Os Emirados Árabes Unidos anunciaram nesta terça-feira que estão a abandonar a OPEP e a OPEP+, infligindo um duro golpe aos grupos de exportadores de petróleo e ao seu líder de facto, a Arábia Saudita, num momento em que a guerra com o Irão provocou um choque energético histórico e abalou a economia global.
A saída dos EAU, membro de longa data da OPEP, poderá gerar desordem e enfraquecer o grupo, que normalmente procura apresentar uma frente unida, apesar de divergências internas sobre temas que vão da geopolítica às quotas de produção.
O ministro da Energia dos EAU, Suhail Mohamed al-Mazrouei, disse à Reuters que a decisão foi tomada após uma análise cuidadosa das estratégias energéticas da potência regional.
Questionado se os EAU consultaram a Arábia Saudita, afirmou que não levantaram a questão junto de nenhum outro país.
“Esta é uma decisão de política, tomada após uma análise cuidadosa das políticas atuais e futuras relacionadas com o nível de produção”, afirmou o ministro da Energia.
Os produtores do Golfo pertencentes à OPEP já enfrentavam dificuldades para escoar exportações através do Estreito de Ormuz, um ponto crítico entre o Irão e Omã por onde normalmente passa cerca de um quinto do petróleo bruto mundial e do gás natural liquefeito, devido a ameaças e ataques iranianos a navios.
Mazrouei afirmou que a decisão não terá um grande impacto no mercado devido à situação no estreito.
No entanto, a saída dos EAU da OPEP representa uma vitória para o presidente dos EUA, Donald Trump, que tem acusado a organização de “explorar o resto do mundo” ao inflacionar os preços do petróleo.

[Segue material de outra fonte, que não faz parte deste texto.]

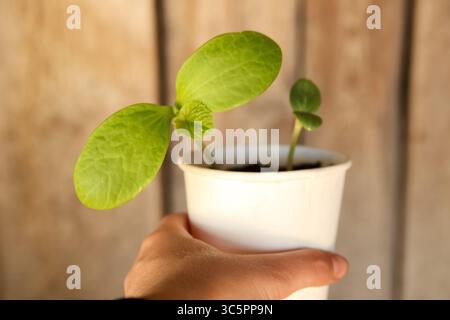 Eine sanfte Hand, die einen leuchtend grünen Sämling in einem kleinen, rustikalen Becher hält, der Wachstum und Pflege symbolisiert. Dieses umweltfreundliche Bild fängt das Wesen von ein Stockfoto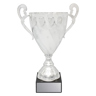 Fidelity Cup - Silver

Trump também tem ligado o apoio militar dos EUA ao Golfo aos preços do petróleo, afirmando que, enquanto os EUA defendem os membros da OPEP, estes “aproveitam-se disso impondo preços elevados do petróleo”.
A decisão surge depois de os EAU, um importante centro de negócios regional e um dos principais aliados de Washington, terem criticado outros Estados árabes por não fazerem o suficiente para os proteger de numerosos ataques iranianos durante a guerra.
Anwar Gargash, conselheiro diplomático do presidente dos EAU, criticou a resposta árabe e do Golfo aos ataques iranianos numa sessão do Gulf Influencers Forum na segunda-feira.
“Os países do Conselho de Cooperação do Golfo apoiaram-se logisticamente, mas politicamente e militarmente, penso que a sua posição foi a mais fraca da história”, disse Gargash.
“Espero esta postura fraca da Liga Árabe e não me surpreende, mas não esperava isso do Conselho de Cooperação (do Golfo) e isso surpreende-me”, acrescentou.